— Dataset excerpts —
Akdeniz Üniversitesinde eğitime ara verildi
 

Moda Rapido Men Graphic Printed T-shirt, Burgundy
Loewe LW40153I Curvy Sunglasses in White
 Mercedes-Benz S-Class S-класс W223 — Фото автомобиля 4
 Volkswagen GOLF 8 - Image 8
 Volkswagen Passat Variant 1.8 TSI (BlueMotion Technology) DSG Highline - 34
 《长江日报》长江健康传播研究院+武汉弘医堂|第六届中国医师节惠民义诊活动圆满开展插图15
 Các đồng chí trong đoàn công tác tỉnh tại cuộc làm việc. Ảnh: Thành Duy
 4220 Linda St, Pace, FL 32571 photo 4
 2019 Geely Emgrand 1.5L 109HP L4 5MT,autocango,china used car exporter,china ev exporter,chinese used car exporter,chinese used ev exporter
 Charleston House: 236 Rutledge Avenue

— Directions —
From the data above, pick out each line containing "Volkswagen" and copy it.

— Response area —
 Volkswagen GOLF 8 - Image 8
 Volkswagen Passat Variant 1.8 TSI (BlueMotion Technology) DSG Highline - 34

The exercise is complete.